Affirmative action seats (special women only seats) are currently considered the most promising option. Its proof of viability lies in the remarkable outcome from the 2013 general election bringing an unprecedented 20.9 percentile of women in Senate and National Assembly from the former single digit levels. In County Assemblies (newly formed under the Constitutionally enshrined devolved structure of government), at least 30% of members are women, most of whom have been nominated by political parties through women-only top-up lists to fill the gender representation shortfall after elections. This success informs the proposal from the A.G’s taskforce led by NGEC.
On the other hand, Hon Kenneth Okoth, MP Kibra informed the forum that a petition has been handed to the Speaker and the Justice and Legal Affairs committee of Parliament to dismiss the relevance of A27(8). Ms. Daisy Amdany, speaking in response to this information is quick to warn that such a move reads of mischief. “The Bill of Rights can only be amended through a popular referendum.” The forum was also reminded that a constitutional amendment can only seek to increase – never to reduce – on human rights gains.
The forum also heard that a draft bill proposing a popular initiative referendum toward the formation of a new set of electoral constituencies to be contested by women only, aiming to increase special seats for women, is in advanced discussion by a section of Parliament.

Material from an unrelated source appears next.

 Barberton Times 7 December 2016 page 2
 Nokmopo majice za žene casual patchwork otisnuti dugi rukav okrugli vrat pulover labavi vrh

The options all present challenges and promises alike. Affirmative action (special women only seats) runs the danger of negative propaganda narratives by candidates to detract an un-informed electorate from voting for women in constituency seats. Hence, zebra listing of candidates by political parties would be the only chance women have to obtain a party ticket to contest the seat.
On the other hand, a referendum push would slide the two-third gender rule into sectarian interests hence drawing feminist lobbyists into unintended wide ranging political agenda. Whether this would prop the gender agenda or further disadvantage it would be a judgement call to be made by the flailing/fatigued women’s movement. Further, the value proposition on women’s leadership is under stricter scrutiny by the electorate hence a referendum push faces the real danger of retraction of gains for women’s participation ostensibly under patriarchy informed rhetoric on the public wage bill.
So with a tight deadline drawing near, and reflecting on the passage of time since the 2012 judicial advisory opinion, where next? Hon Okoth opines, “Based on precedent, an extension (to a constitutional legislative deadline) can only be given for 1 year. The Court is likely to be moved again. Time is too short to August.”
Clearly, Parliament, the Attorney General as chief adviser to government, and the feminist and women’s movement have their work cut out for them!